New thing is not always cool.

I see many people say they are very bored by doing the similar things day after day. For me it's the opposite - I'm always learning something new. During the last one and a harf year, nearly every two months I need to do lots of researches on a totally new topic: RTMP, MP4, SIP, VNC, Smooth streaming, ..., I have to read lots of specifications, download tones of open source projects to understand concepts, and turn them into my runnable code.

And it was so bad! My brain has never been very sure and very familiar with anything, and when it's close to be sure and familiar, it'll have to switch to next thing. I kind of envy people who build upper level applications because they can be very focusing, and their knowledge set includes most things their job requires. Everything is quite measurable, direct and straightforward.

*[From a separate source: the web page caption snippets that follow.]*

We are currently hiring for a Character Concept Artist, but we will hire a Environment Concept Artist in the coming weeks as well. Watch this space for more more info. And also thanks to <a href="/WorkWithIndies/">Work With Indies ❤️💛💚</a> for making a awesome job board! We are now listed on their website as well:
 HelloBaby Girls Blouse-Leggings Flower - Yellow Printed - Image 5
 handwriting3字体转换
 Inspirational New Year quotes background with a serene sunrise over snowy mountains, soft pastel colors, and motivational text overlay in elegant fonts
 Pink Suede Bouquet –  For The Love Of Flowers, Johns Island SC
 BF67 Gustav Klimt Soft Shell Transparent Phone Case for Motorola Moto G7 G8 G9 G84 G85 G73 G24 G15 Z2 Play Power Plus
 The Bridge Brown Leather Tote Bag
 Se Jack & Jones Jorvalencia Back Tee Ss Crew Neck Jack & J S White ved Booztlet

Have you ever had the similar feeling? I'm thinking of asking my boss to assign me some other piece of work so that I work like moving forward on a broad road instead of figuring out a way in the dark, I think it'll be more relaxing, any suggestion?

The accepted answer:

It's about balance. Never learning anything new is ... unstimulating. That is terrible.

Equally, always having to rush to learn things, and never enjoying the thrill of mastering something, is exhausting.

As a developer you should never stop learning. And sometimes you'll have to learn slightly irrelevant things - legacy systems and the like. All that's okay, so long as you're not always poking around uncertainly in the dark.

The worst part about that is you're probably being treated as the 'expert', and you feel the pressure of knowing what you don't know.

I don't think that there's anything wrong with saying that you feel saturated as a 'jack of all trades' and would like to focus more on a particular area. Try to highlight the business benefits. If there aren't any - well, the business needs to focus a bit more.